Menurut data Survei Demografi dan Kesehatan Indonesia (SDKI) pada tahun 2017, menunjukkan bahwa dari 4,8 juta kelahiran di Indonesia setiap tahunnya, hanya 52 % bayi di bawah umur 6 bulan yang menerima ASI Eksklusif.
Hal ini dipicu satu diantaranya oleh faktor stres yang dialami para ibu dan tidak adanya dukungan sosial untuk mereka.
Data dari survei yang sama juga menunjukkan bahwa 7 % dari perempuan berusia muda yang memiliki umur antara 15-19 tahun telah menjadi ibu.
5 % diantaranya sudah melahirkan, sedangkan 2 % lainnya sedang mengandung anak pertama.
Kemudian berdasar pada data yang dimiliki Riset Kesehatan Dasar (Riskesdas) Kementerian Kesehatan tahun 2016 menyatakan 300 ibu meninggal setiap minggunya karena hal yang berkaitan dengan kehamilan maupun pada saat mereka melahirkan.
Sementara data dari laporan HIV triwulan II tahun 2019 Dirjen P2PL Kementerian Kesehatan menunjukkan bahwa saat ini ibu rumah tangga masih menjadi salah satu kelompok yang rentan terinfeksi HIV.
Mirisnya, di antara mereka, rata-rata baru tersadar terkait status HIV-nya pada saat sudah terkena AIDS dan mayoritas dari perempuan tersebut tertular penyakit ini dari suami mereka.
Selanjutnya menurut laporan SDKI 2017,
terdapat 11 % perempuan Indonesia yang belum terpenuhi kebutuhannya dalam memperoleh kontrasepsi.
Hal ini karena mereka kesulitan mendapatkan akses terhadap alat tersebut.

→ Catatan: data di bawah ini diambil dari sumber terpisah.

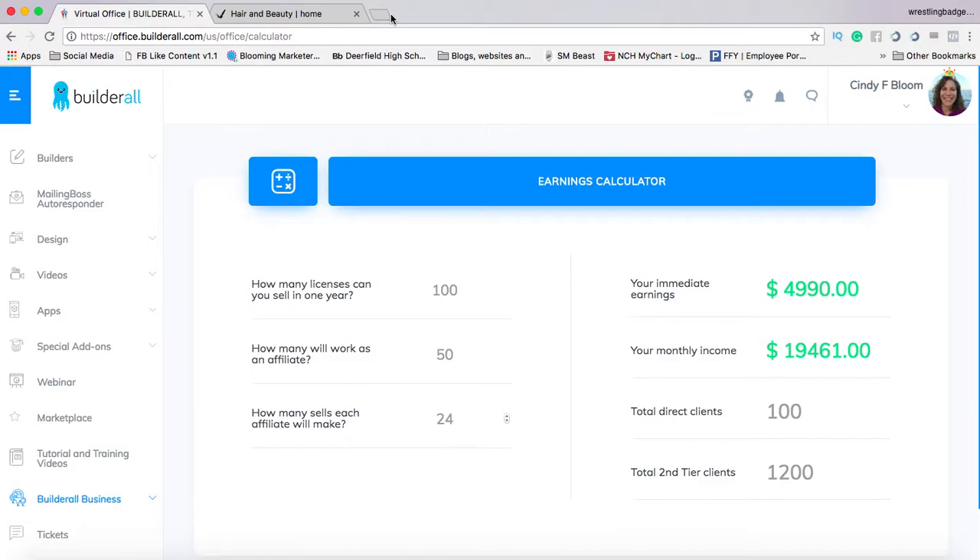This is Cindy Bloom. The link below this video will take you to Builderall. Make sure you go ahead and take your free trial, but honestly there is no need — I would get right in. Pay your $49.90 and I'll be in touch with you because I'll get a notification in my back office. You will be entitled to a tremendous amount of bonuses to make sure that you win in your business. Have a fantastic, fantastic day wherever in the world you are.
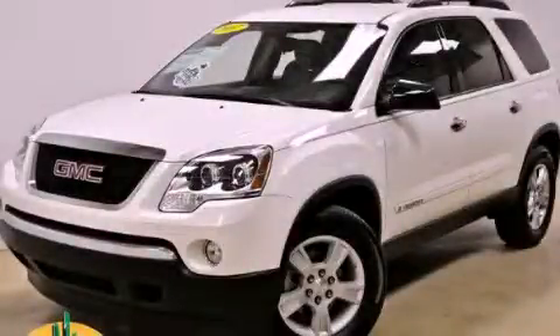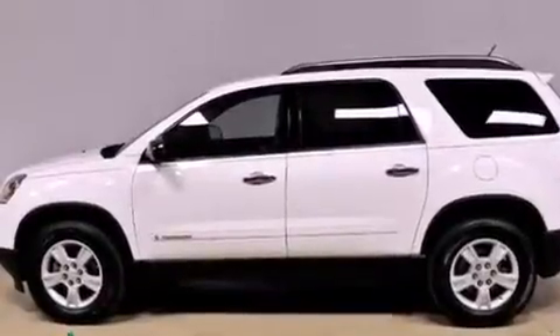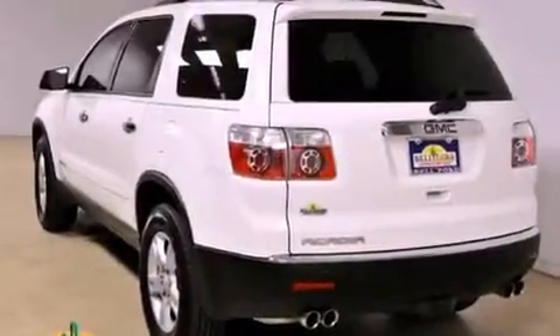This is a 2007 GMC Acadia, a luxurious package designed with the finest elements in mind. It has a six-cylinder engine and an automatic transmission.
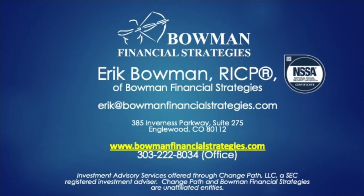To watch other webinars, go to BowmanFinancialStrategies.com and learn about topics like Social Security maximization, Roth conversions, and tax-efficient distribution strategies in retirement.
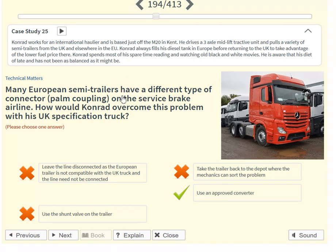Many European semi-trailers have a different type of connector, a palm coupling, on the service brake airline. How would Conrad overcome this problem with his UK specification truck? Use an approved converter.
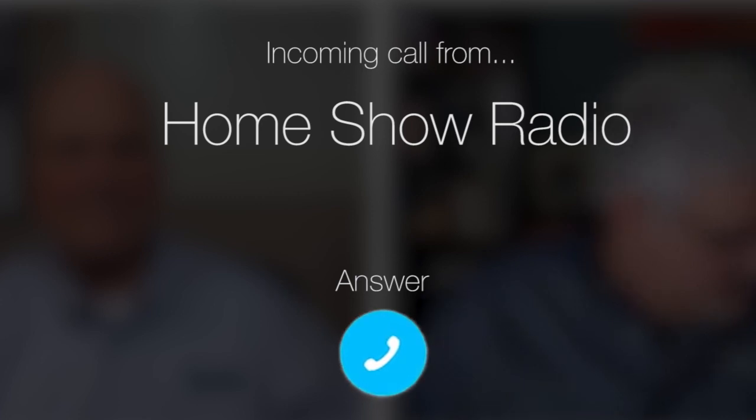Ask Tom on Home Show. Alinda from Timberwood Park, Texas, has a question about gable vents.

Bahkan, larangan suami juga menjadi faktor penghalang bagi para perempuan ini untuk berkontrasepsi.
Sedangkan untuk pemberdayaan perempuan, terdapat sejumlah temuan terkait permasalahan ini.
Data dari SDKI 2017 menunjukkan bahwa masih ada 32 % perempuan yang percaya bahwa seorang suami dibenarkan untuk memukuli istrinya dalam keadaan tertentu.
Lalu laporan dari Catatan Tahunan (CATAHU) 2020 Komnas Perempuan menyatakan bahwa pada tahun 2019, jumlah kasus kekerasan terhadap perempuan mencapai 431.471 kasus atau meningkat 6% dari tahun sebelumnya.
Dari data tersebut, Kekerasan Dalam Rumah Tangga (KDRT) menjadi yang paling menonjol, disusul kekerasan terhadap perempuan di ranah komunitas atau publik.
Selain itu, kekerasan terhadap anak perempuan juga mengalami peningkatan sebesar 16 % pada tahun 2019.